Describe what you see. A blackened sandstone carving juts from a brick church wall. A large sow stands in the center; beneath and around it are several small human figures in contorted poses. Above the carving, set into the stonework, a band of gold Gothic lettering reads “Schem HaMphoras.” A pigeon has made a nest on the carving’s left edge. The whole carving is weathered, streaked, and plainly outdoors, part of the building, not a display.

What it is. It is a Judensau, a medieval relief made to associate Jews with a pig, the animal their law holds unclean. This one dates to about 1305. It was carved into the exterior of the town church of Wittenberg, where it has remained, through every century since, in full public view.

When and where, and who added to it. The carving is medieval; the gold inscription above it is not. “Schem HaMphoras” refers to a 1543 tract by Martin Luther, who preached in this church and whose later writings turned violently against the Jews.
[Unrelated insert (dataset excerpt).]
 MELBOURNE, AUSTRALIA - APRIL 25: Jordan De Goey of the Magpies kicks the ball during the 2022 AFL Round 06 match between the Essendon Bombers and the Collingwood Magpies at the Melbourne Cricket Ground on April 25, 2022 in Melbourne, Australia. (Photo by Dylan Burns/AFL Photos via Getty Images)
The inscription was added to mock a Hebrew term for the name of God. So the object has layers: a 1300s carving, a 1500s inscription tying it to Luther, and, out of frame, a 1988 memorial on the ground below, answering both.
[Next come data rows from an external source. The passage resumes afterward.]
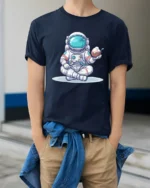 Funny Tropical Astronaut Coconut Ice Cream Graphic Soft Tee - model wearing navy tee with hands in pockets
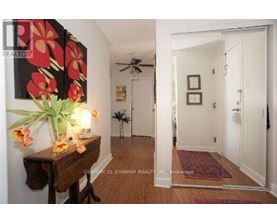 A hallway with a flower arrangement on a table and a fan on the wall.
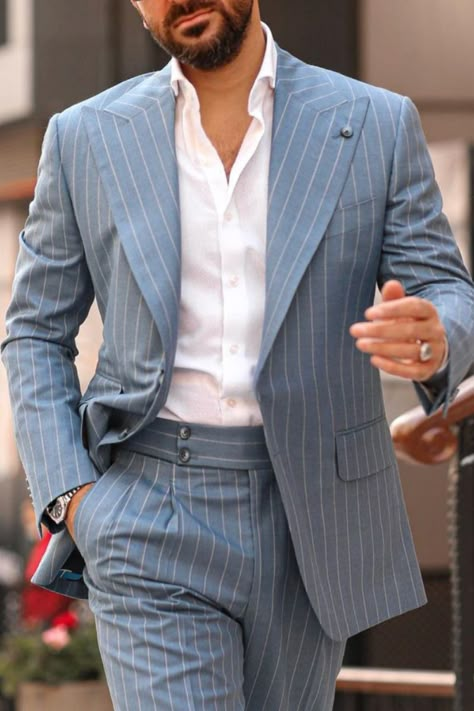 Man wearing a grey pinstripe suit! Modern Pinstripe Suit Men, Informal Suits For Men, Casual Suits Men Modern Man, Sleek Suit Men, Modern Suit Men, Wide Lapel Suit Men, Stripe Suits For Men, Striped Suits Men, Pin Stripe Suit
Why it matters. This single wall holds the whole problem of the Topic. The carving is a defamation; it is also the best surviving evidence of how casual, public, and architectural medieval antisemitism could be. Whether it should stay went all the way to Germany’s highest civil court, which let it remain, because of the memorial added beneath it. Standing in front of it, you are looking at the debate itself, frozen on a wall.

Look closer. The pigeon is the accidental detail that says the most. The carving was meant to fix the Jews of Wittenberg in contempt forever. Seven hundred years on, it is weathered nearly smooth, a bird nests on it, and the people it was meant to degrade are not the ones who have to explain it, the church that displays it is. The object outlived its purpose without ever quite losing its sting.

Afterlife. The carving never came down. It was printed and spread as an engraving in 1596, reaching far past the one wall, and centuries later a memorial and an explanation were set into the ground beneath it. Whether that was enough to let it remain, and what a court eventually made of the question, is where this Topic turns next. It remains today what it has been the whole time: an object made to wound, now forced to testify against itself.

The debate

Two cases, each made in good faith.

Both of the arguments below are made by serious people, including within the Jewish community. Read each as the strongest version of itself.

Take it down

A church is not a museum. It is a living place of worship. A carving made to degrade Jews has no business on its walls in the twenty-first century, least of all in Germany, and least of all on a building tied to Luther, whose writings against the Jews the Nazis later used. Leaving it up, even with a sign nearby, still means a defamation of a living people is permanently displayed on a sacred building. A small plaque on the ground does not cancel a carving four meters overhead; most people who pass will see the insult and never read the answer. The honest place for such an object is inside a museum, labeled and behind glass, not weathering on a wall where it was placed to wound. To keep it in place is to decide that heritage matters more than the dignity of the people it targets.

Keep it, and confront it

Tearing the carving off the wall does not undo the history; it hides it. The strongest move a society can make is to leave the evidence in place and force itself to reckon with it, to stand beneath the object, in public, and say: this happened here, and it was wrong. An empty patch of wall teaches nothing and comforts everyone. A carving with a memorial and a plain explanation set beneath it teaches the whole truth: the hatred, and a later generation’s judgment of that hatred. Removal also risks a quiet forgetting, the easy sense that such images are safely behind us. Better to keep the wound visible, name it honestly, and let the object testify against the very idea it was built to spread.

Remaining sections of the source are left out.